▶ [Required work] Only the lines from the one with "Dad in a Cheer Bow" through the last line of the material below belong in the answer, copied exactly and without pictures.

▶ [Material for this task]
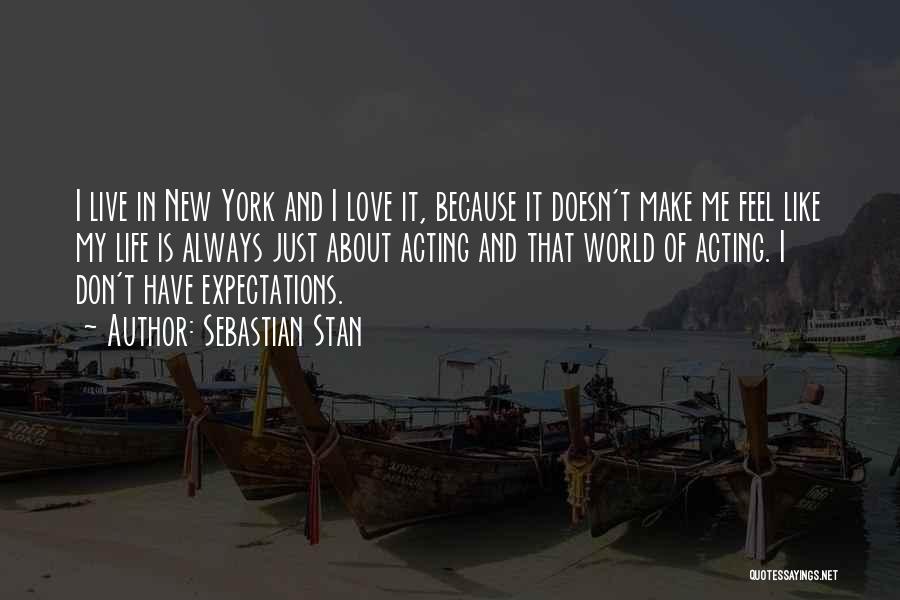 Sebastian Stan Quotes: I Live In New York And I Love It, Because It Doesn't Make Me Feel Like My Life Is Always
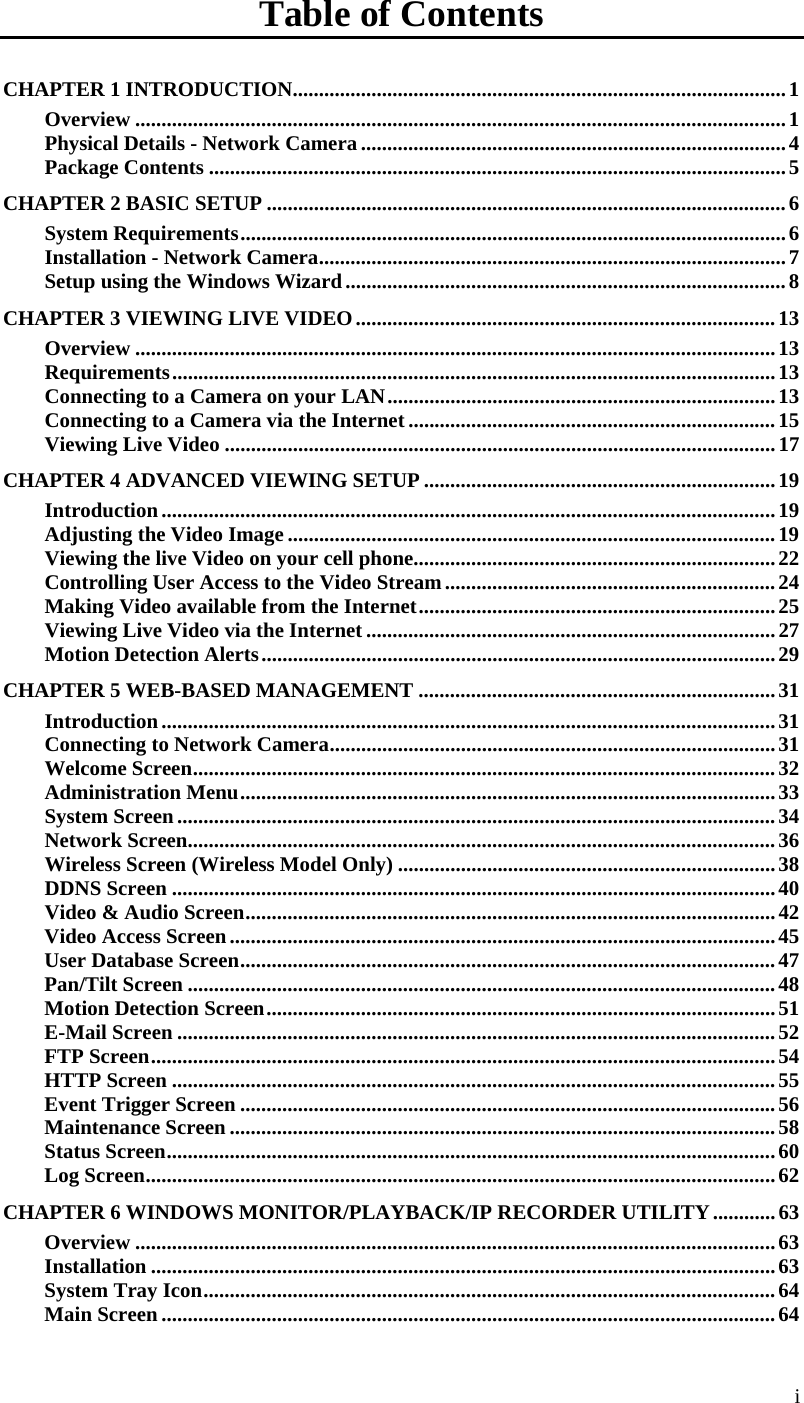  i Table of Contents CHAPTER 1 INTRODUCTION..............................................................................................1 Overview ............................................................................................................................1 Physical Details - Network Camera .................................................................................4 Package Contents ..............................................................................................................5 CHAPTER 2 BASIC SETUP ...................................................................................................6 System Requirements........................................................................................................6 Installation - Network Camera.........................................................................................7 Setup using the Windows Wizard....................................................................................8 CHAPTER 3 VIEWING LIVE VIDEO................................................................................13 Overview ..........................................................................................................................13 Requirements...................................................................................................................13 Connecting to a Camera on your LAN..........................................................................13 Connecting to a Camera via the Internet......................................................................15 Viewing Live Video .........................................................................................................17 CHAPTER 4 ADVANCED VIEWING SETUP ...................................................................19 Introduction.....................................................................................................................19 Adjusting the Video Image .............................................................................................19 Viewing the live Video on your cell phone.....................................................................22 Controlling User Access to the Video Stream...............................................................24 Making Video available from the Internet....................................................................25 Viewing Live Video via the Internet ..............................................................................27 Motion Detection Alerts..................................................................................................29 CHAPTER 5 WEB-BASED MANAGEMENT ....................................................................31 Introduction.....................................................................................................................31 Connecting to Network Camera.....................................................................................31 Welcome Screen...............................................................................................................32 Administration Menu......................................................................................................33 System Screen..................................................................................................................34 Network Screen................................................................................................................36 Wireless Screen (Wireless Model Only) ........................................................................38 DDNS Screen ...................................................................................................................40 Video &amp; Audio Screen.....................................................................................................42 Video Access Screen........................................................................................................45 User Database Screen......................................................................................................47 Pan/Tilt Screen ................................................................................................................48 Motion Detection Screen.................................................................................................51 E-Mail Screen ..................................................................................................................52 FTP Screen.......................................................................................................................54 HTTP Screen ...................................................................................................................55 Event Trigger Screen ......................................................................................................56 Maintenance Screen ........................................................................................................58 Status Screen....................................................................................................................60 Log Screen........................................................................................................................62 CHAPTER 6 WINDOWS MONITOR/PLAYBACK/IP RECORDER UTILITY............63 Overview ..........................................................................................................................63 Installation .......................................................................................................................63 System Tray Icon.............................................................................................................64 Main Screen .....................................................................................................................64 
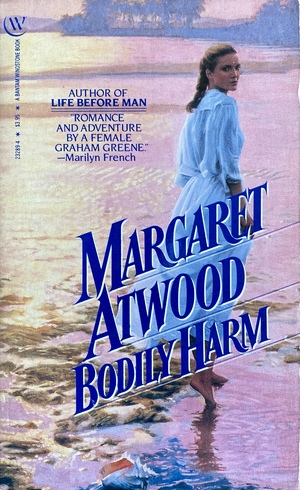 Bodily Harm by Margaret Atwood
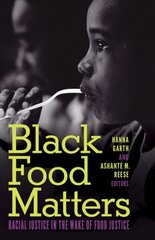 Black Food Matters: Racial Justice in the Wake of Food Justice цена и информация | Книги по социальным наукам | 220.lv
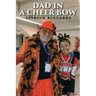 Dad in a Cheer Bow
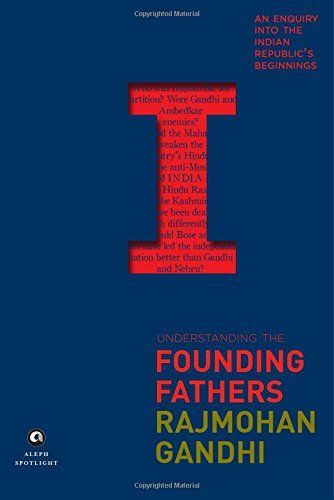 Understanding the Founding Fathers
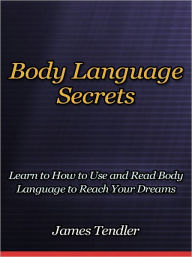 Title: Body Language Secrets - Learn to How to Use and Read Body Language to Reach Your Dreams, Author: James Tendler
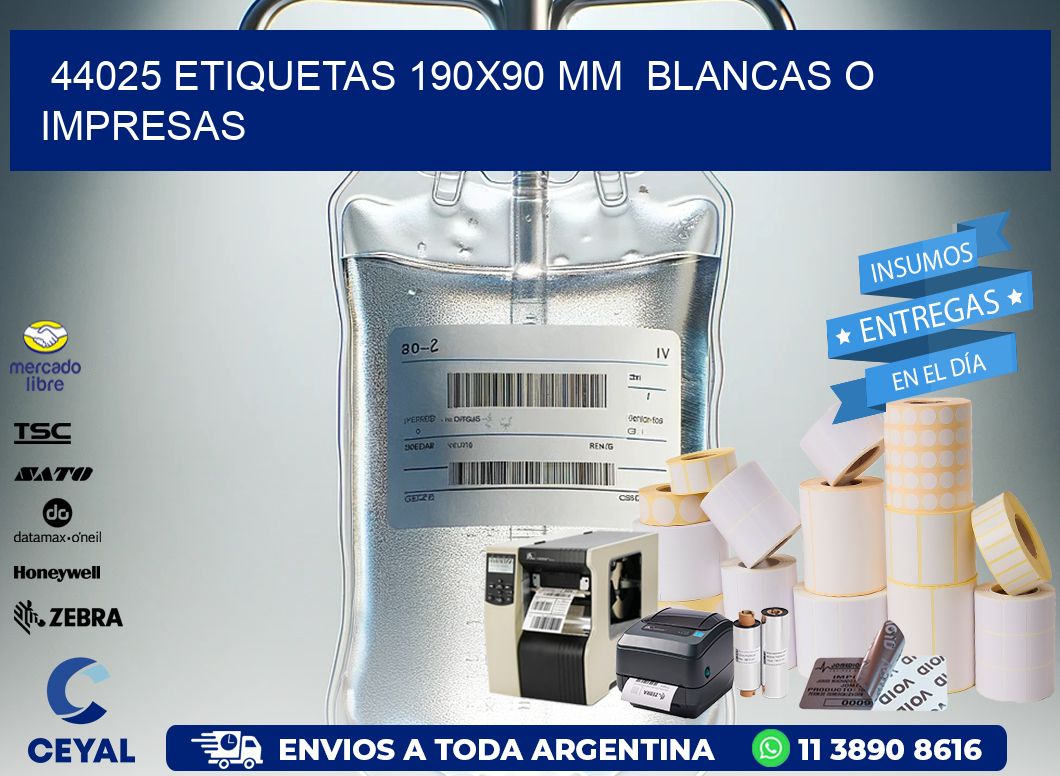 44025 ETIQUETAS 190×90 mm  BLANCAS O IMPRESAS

▶ [Answer area]
 Dad in a Cheer Bow
 Understanding the Founding Fathers
 Title: Body Language Secrets - Learn to How to Use and Read Body Language to Reach Your Dreams, Author: James Tendler
 44025 ETIQUETAS 190×90 mm  BLANCAS O IMPRESAS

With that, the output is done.